Decision Date22 January 2018
Docket NumberNo. 1–14–0656,1–14–0656
Citation96 N.E.3d 534,2018 IL App (1st) 140656
Parties AMERICAN FEDERATION OF STATE, COUNTY AND MUNICIPAL EMPLOYEES, COUNCIL 31, Petitioner, v. STATE of Illinois; DEPARTMENT OF CENTRAL MANAGEMENT SERVICES (ILLINOIS COMMERCE COMMISSION); and Illinois Labor Relations Board, State Panel, Respondents.
CourtUnited States Appellate Court of Illinois

Cornfield & Feldman LLP, of Chicago (Mark Stein and Gail E. Mrozowski, of counsel), for petitioner.

Lisa Madigan, Attorney General, of Chicago (David L. Franklin, Solicitor General, and Linda Boachie-Ansah, Assistant Attorney General, of counsel), for respondents.

OPINION

JUSTICE MIKVA delivered the judgment of the court, with opinion.

¶ 1 This is a direct appeal from a final order of the Illinois Labor Relations Board, State Panel (Board), finding that six directors at the Illinois Commerce Commission (Commission) are managerial employees excluded from collective bargaining. The Board denied a representation petition filed by the American Federation of State, County and Municipal Employees, Council 31 (Union), seeking to include the employees in one of its existing bargaining units, and the Union now appeals. For the reasons that follow, we affirm the Board's decision and order with respect to each of the six directors that the Union seeks to represent.

¶ 2 I. BACKGROUND

¶ 3 The Illinois Commerce Commission is a quasi-judicial body, charged under the Public Utilities Act ( 220 ILCS 5/1–101 et seq. (West 2016)) with regulating public utilities in the state. 220 ILCS 5/2–101, 3–105, 4–101, 4–201, 13–101 (West 2016). The Commission is engaged in, among other things, rate-setting, the certification of private entities seeking to provide public utilities, safety oversight, and the investigation and resolution of complaints against utility companies. American Federation of State, County, & Municipal Employees (AFSCME), Council 31 v. State of Illinois , 2014 IL App (1st) 130655, ¶ 3, 388 Ill.Dec. 769, 25 N.E.3d 52 (hereinafter AFSCME ). The Commission is comprised of five commissioners, who appoint an executive director to oversee its day-to-day operations. 220 ILCS 5/2–101, 2–105(a) (West 2016). The executive director is authorized to organize the Commission into bureaus or other subunits and to delegate the supervision and direction of those bureaus to staff members. Id. § 2–105(a). Bureaus are typically headed by chiefs and subdivided into divisions headed by directors. At present, six bureaus and an Office of Retail Market Development report to the executive director.

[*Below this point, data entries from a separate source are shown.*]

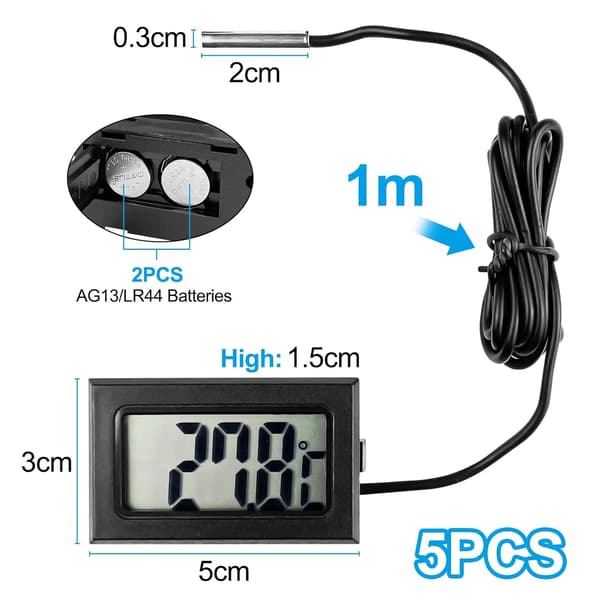 5 stk. digitale kjøleskapstermometre, digital temperatursensor med LCD-skjerm, temperaturtermometer med sensor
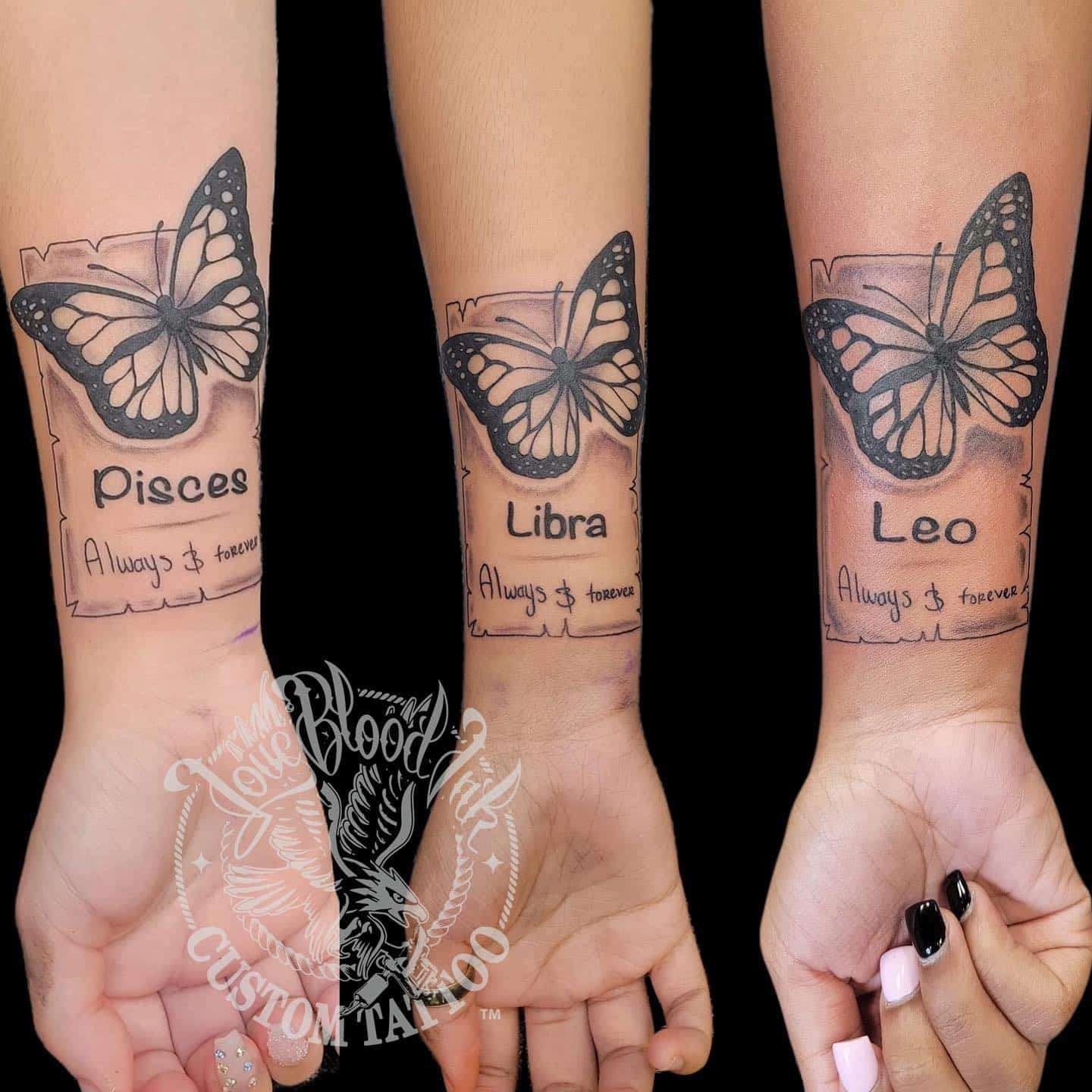 Zodiac matching tattoo for 3 besties
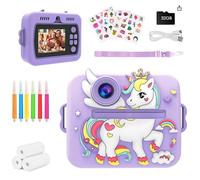 Balakaka Macchina Fotografica Bambini Istantanea con Filtri Creativi, 1080P HD Fotocamera Bambini con 32GB Scheda Carta da Stampa, Regali per Bambini dai 3 ai 12 Anni, Unicorno viola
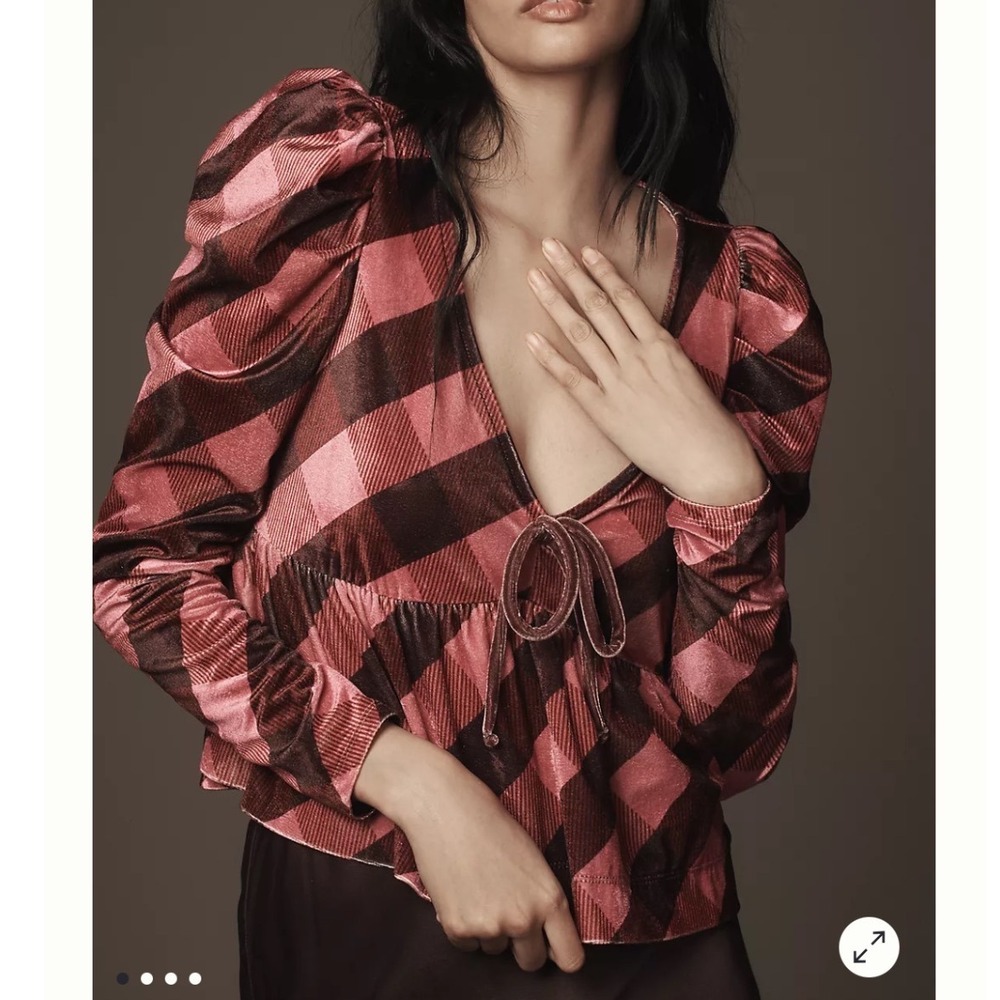 Anthropologie Maeve Velvet Babydoll Top XS Pink Plaid Romantic Balletcore Peplum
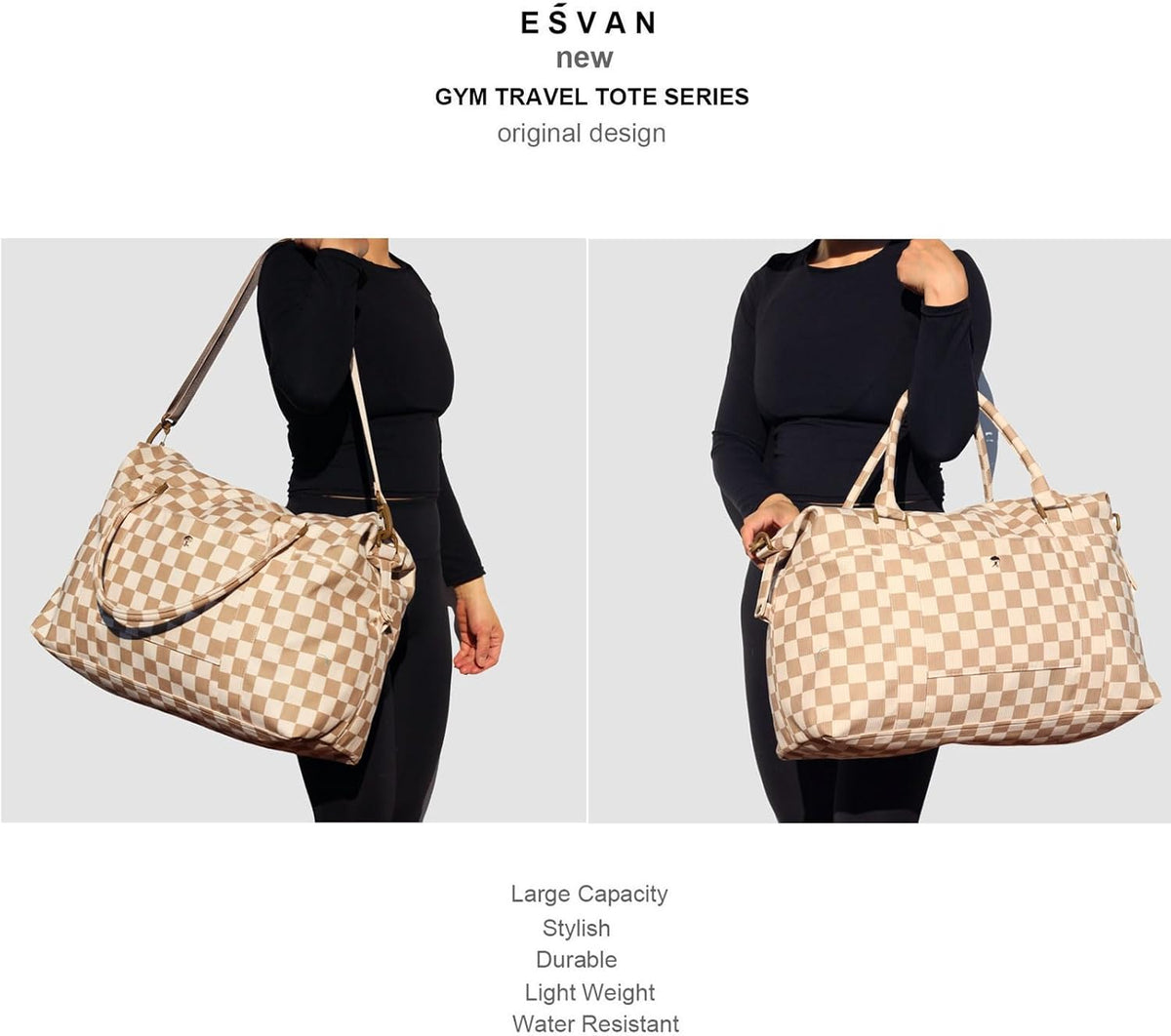 Travel Tote Duffel Gym Bag,Weekender Overnight Carry-on Tote Crossbody Bag with Wet Pocket and Trolley Sleeve Upgraded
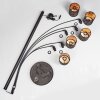 Tallaboa Bogenlampe Schwarz, 5-flammig, Stoffschirm
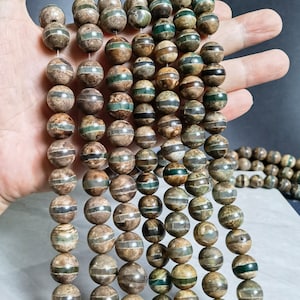 12mm 14mm Ancient Green Tibetan dzi beads ,Large Tibetan Agate Beads, Green Striped Dzi Beads ,DZI Agate Beads ,14” Full Strand ,AS- 1192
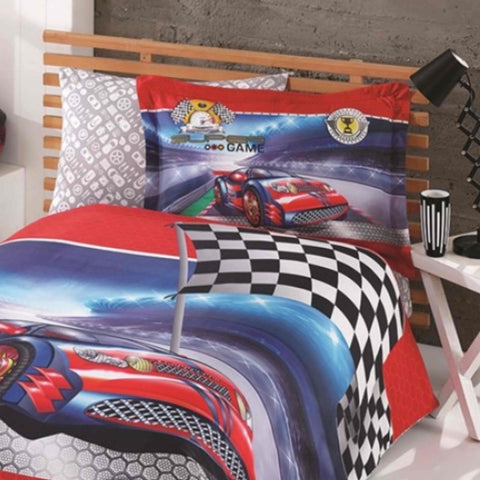 Bettwäsche Set für Kinder 140 x 200 mit Kissenbezug 80 x 40 Autos Champion 2 teilig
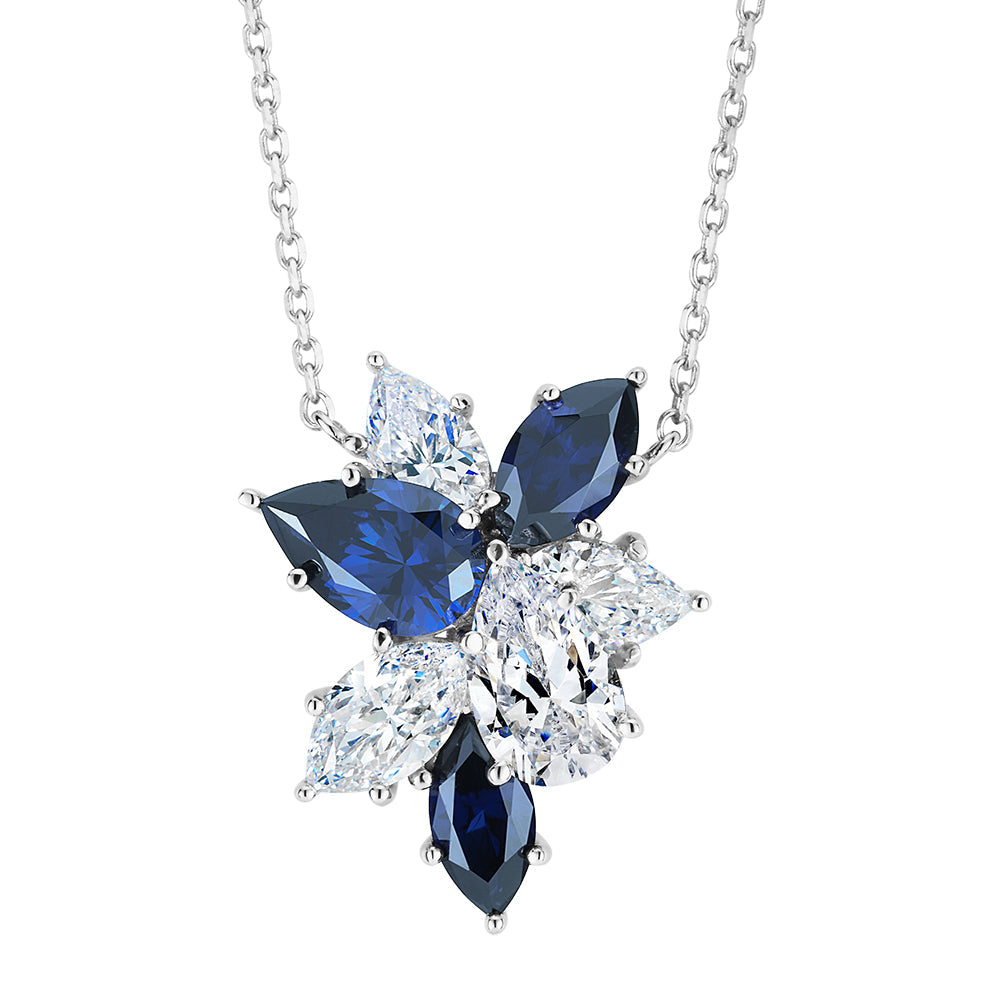 Necklace with 3.43 carats* of diamond simulants in sterling silver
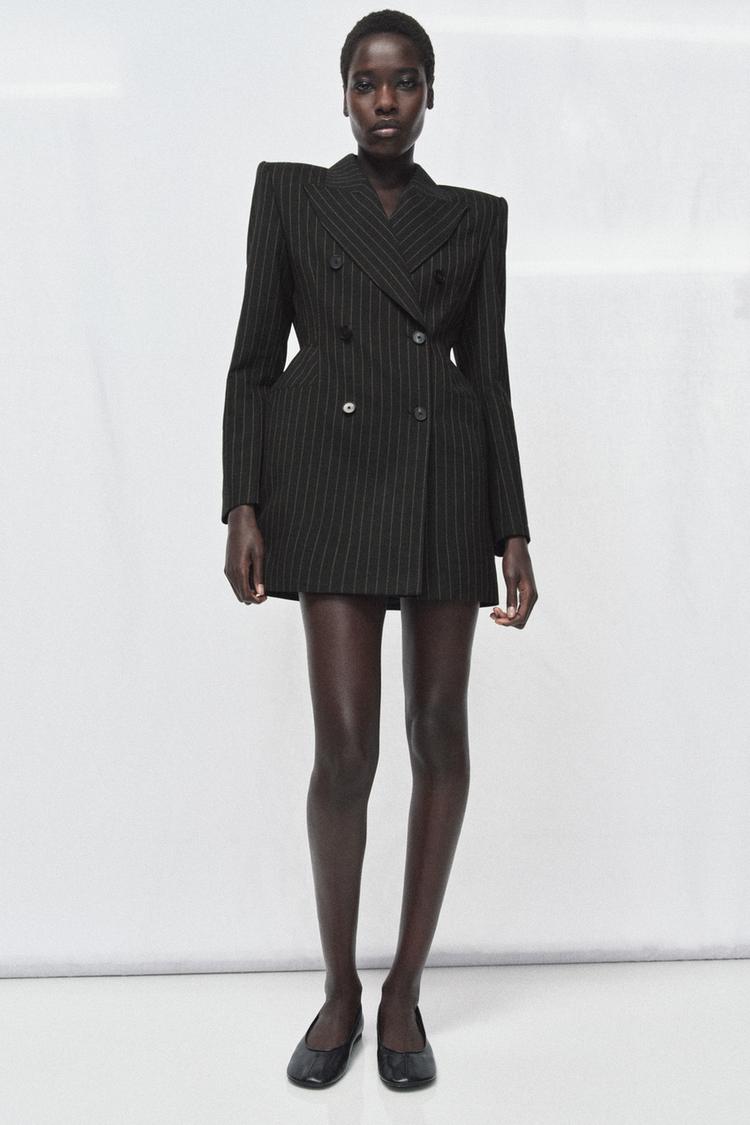 ZARA ZW COLLECTION PINSTRIPE BLAZER DRESS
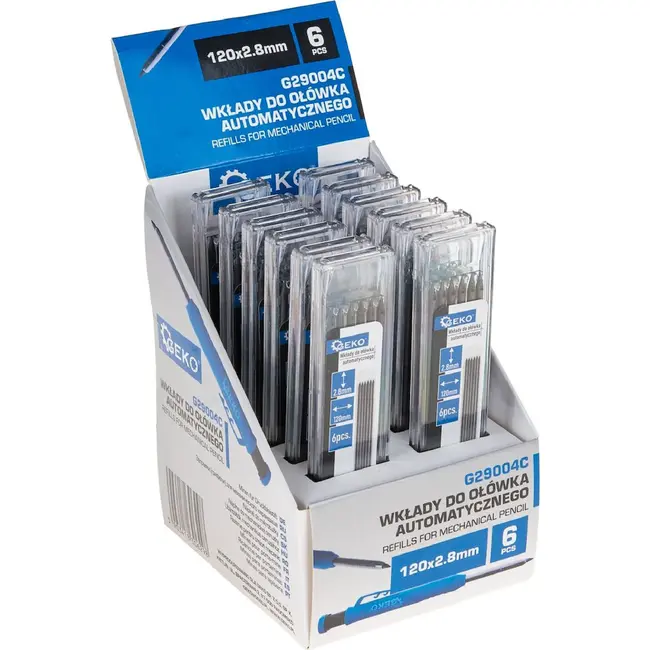 GEKO Refills voor een timmermanspotlood 2,8 mm x 120 mm - displaydoos met 12 sets van 6 stuks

¶ 4 On October 5, 2010, the Union filed a representation petition with the Board seeking to include nine directors in its RC–63 bargaining unit. The Commission opposed the petition, arguing that the directors are excluded from collective bargaining for three reasons: because they are managerial employees pursuant to section 3(j) of the Illinois Public Labor Relations Act (Labor Relations Act) ( 5 ILCS 315/3(j) (West 2010)); the directors are supervisory employees, pursuant to section 3(r) (id. § 3(r)); and the directors are confidential employees, pursuant to section 3(c) (id. § 3(c)). The Commission alternatively argued that, even if the directors are not excluded from collective bargaining, the RC–63 unit is not the appropriate bargaining unit for those employees. The Union ultimately stipulated that three of the nine directors should be excluded from the bargaining unit, leaving the status of only six directors in dispute. They are (1) Torsten Clausen, director of the Office of Retail Market Development; (2) Jerry Oxley, director of Information Technology Services in the Bureau of Planning and Operations; (3) Peter Muntaner, director of Consumer Services in the Bureau of External Affairs; and (4) Harry Stoller, Joy Nicdao–Cuyugan, and Jim Zolnierek, the directors, respectively, of the Energy, Financial Analysis, and Telecommunications Divisions of the Bureau of Public Utilities.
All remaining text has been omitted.